Medalla de Oro: Club Deportivo In Corpore Sano
La ‘marea roja’ que nació en Isora conquista Canarias
Colegios que educan en movimiento, voluntarios que no fallan como el motor del club y una casa de acogida que da estabilidad; todo desde la práctica del deporte, que se integra en la vida diaria. Unión y propósito

Sonrisas y esfuerzo compartido de algunos de los integrantes de la ‘marea roja’. / LP / ED
Bruno Sánchez
El Club Deportivo In Corpore Sano se sube al podio más especial. En El Hierro hay proyectos que nacen en pequeño y acaban formando parte del paisaje humano de la isla. Lo hacen casi sin hacer ruido, como si siempre hubieran estado ahí. Este es uno de ellos. Una idea entre amigos que surgió en 2011 y que, con el paso del tiempo, ha terminado por recibir uno de los reconocimientos más importantes del Archipiélago: la Medalla de Oro de Canarias 2026. Una manera de entender el deporte en comunidad.
Según explica Víctor Cabrera, secretario y uno de los fundadores, le llamó «directamente el presidente Fernando Clavijo» para comunicarle que habían decidido, «por la trayectoria deportiva y social del club», concederles el premio. La reacción, como era de esperar, llegó sin demasiado margen para asimilarla, como suele ocurrir cuando algo irrumpe sin aviso. Cabrera lo resume: «Para nosotros es una gran alegría que trascienda nuestro trabajo al Gobierno de Canarias, que el presidente haga un break para llamarme y que reconozcan nuestro trabajo como un ejemplo a seguir».
La historia del club, sin embargo, no empieza en los despachos sino en los caminos de tierra de Isora, donde todo era más sencillo y directo. Cabrera recuerda que «el inicio del proyecto In Corpore Sano surge motivado por el deporte», cuando un grupo de jóvenes buscaba simplemente entrenar juntos, sin mayores pretensiones. Aquella semilla creció casi sin planificación: «Los cuatro jóvenes que estábamos allí formamos una asociación deportiva».
De ahí nacen las primeras carreras, el asfalto y, poco después, la montaña. Después llegó el giro definitivo, con la irrupción del trail y la fuerza de la Maratón del Meridiano, la prueba donde empezó a tomar forma esa «marea roja» de la que tanto se enorgullecen.
El crecimiento fue rápido y bastante orgánico. Se dieron a conocer en las administraciones públicas y, poco a poco, el club empezó a recibir respaldo. Fue entonces cuando apareció la convicción de que el deporte podía ir más allá, que no tenía por qué quedarse solo en lo competitivo, y que podía combinarse perfectamente con el ámbito social.
Esa combinación se convirtió en la seña de identidad del club. Cabrera lo explica: «Hay un montón de jóvenes en la isla que están un poco descarrilados». A partir de ahí nació una red de proyectos que fueron cambiando la estructura de In Corpore Sano, hasta convertirlo en algo mucho más grande y complejo que un simple club deportivo.

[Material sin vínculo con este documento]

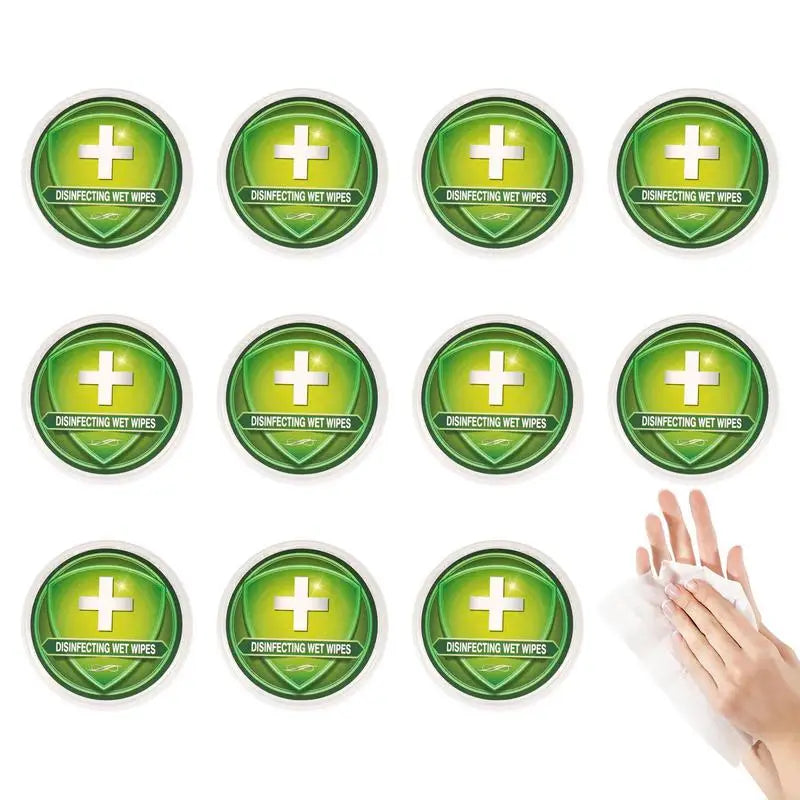 Magical Compressed Towel Set: 10/50PCS Mini Coin Tissue for Travel, Hotel, Salon, Home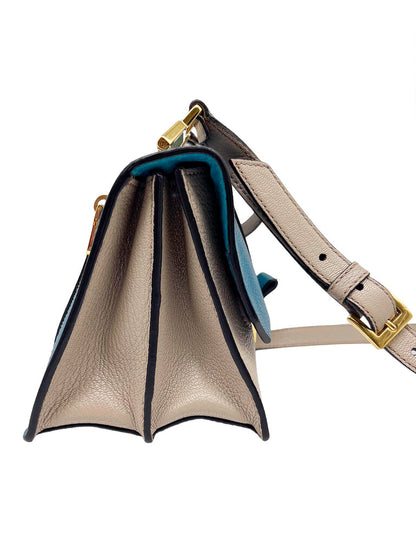 'Madras' Leather Crossbody Bag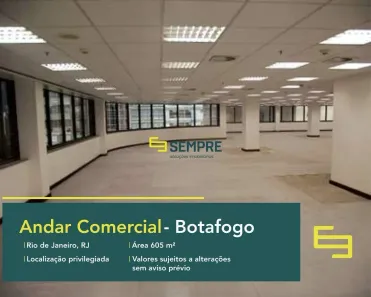 Sala Comercial para alugar, 605m² no Botafogo, Rio de Janeiro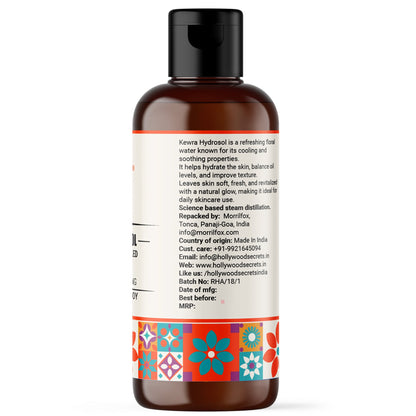 Pure Kewra Hydrosol Floral Water 100ml Hollywood Secrets
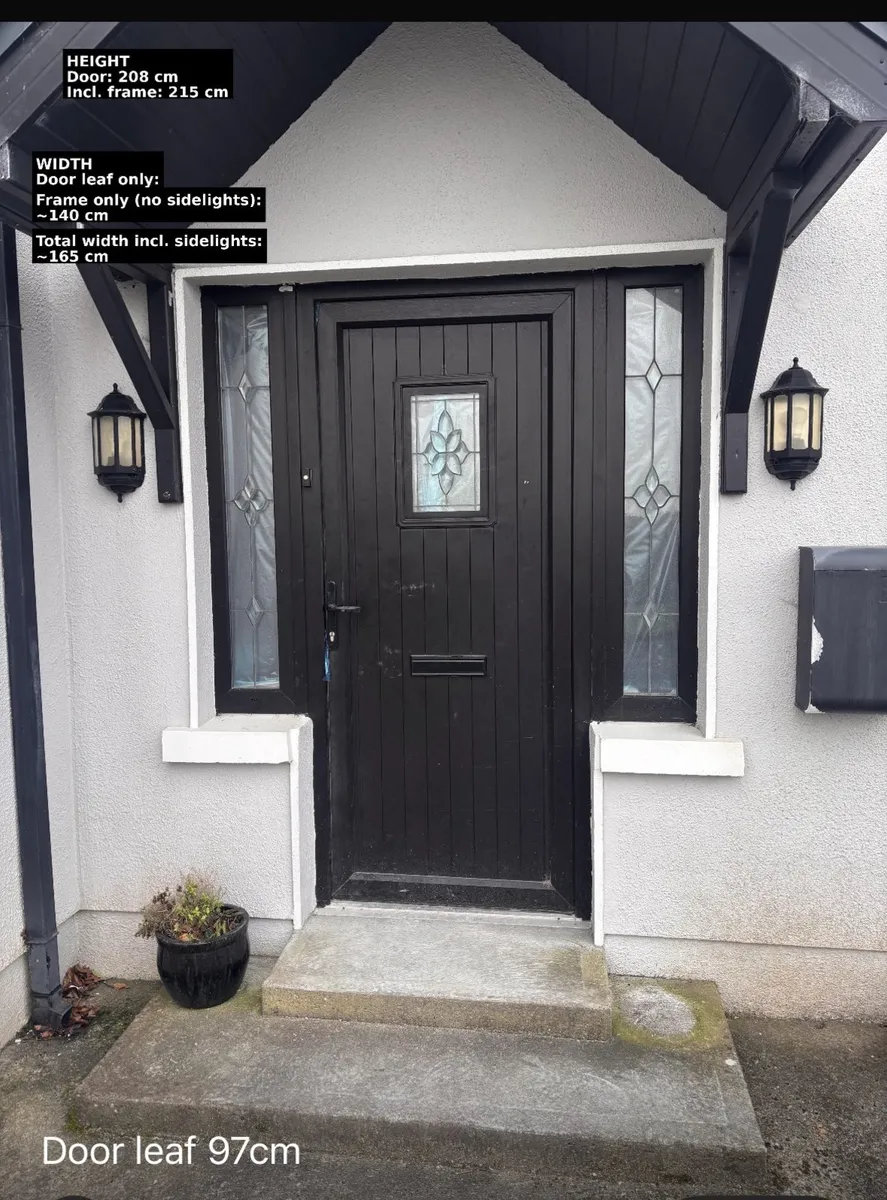 Black Upc doors & windows & Solid Timber Doors - Image 1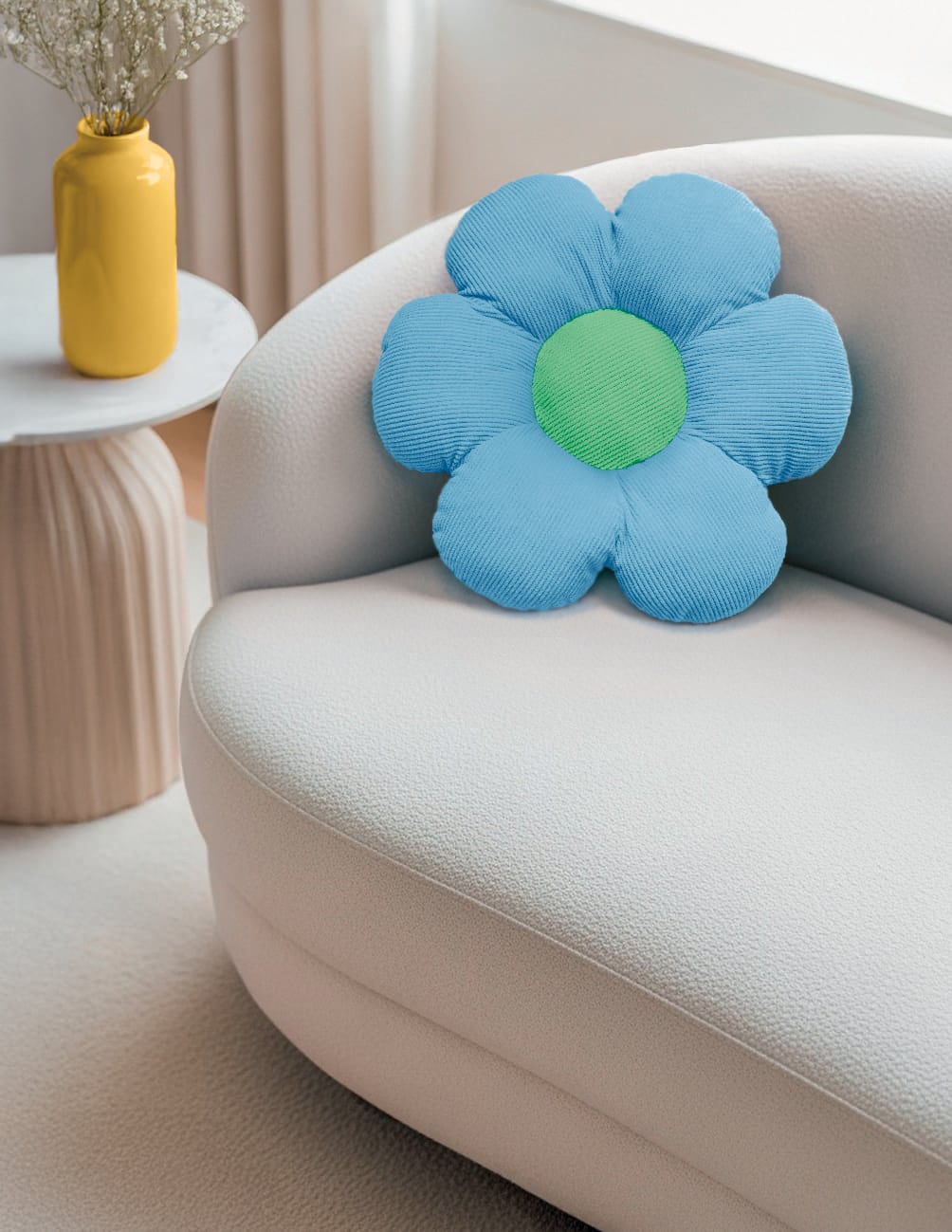 Dekor Blumenkissen, blau/gr&uuml;n - Bild 1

Hoy, con alrededor de 200 miembros, la marea roja representa una comunidad que, según su secretario, se sostiene gracias a «las ganas que pone todo el mundo». En su visión, el secreto está «en los voluntarios», unido a la fuerza de un entorno privilegiado, ese «paraíso natural que es la isla del Hierro» que, al final, lo envuelve todo y lo hace posible.
La dimensión social del proyecto se ha ido multiplicando con los años. Han abierto una casa de acogida para «jóvenes vulnerables», además de proyectos educativos impulsados por los voluntarios que funcionan como una especie de «colegio con tres días en semana». También destacan iniciativas como «Puentes de Sonido y de Sabor», donde la cultura y la gastronomía actúan como enlace entre jóvenes migrantes y la población de El Hierro, conectando mundos que, sobre el papel, parecen lejanos.
Todo ello ha convertido al club en algo mucho más grande que un simple equipo o asociación. «La familia de In Corpore Sano, la mrarea roja», dice orgulloso su fundador, resume esa identidad colectiva que ha ido creciendo desde 2011. Y ahora, con la Medalla de Oro de Canarias en el horizonte, el reconocimiento no cambia el rumbo, pero sí lo ilumina un poco más. Porque, como concluye Cabrera, lo importante sigue estando en el camino: «Queremos continuar trabajando por y para nuestros deportistas».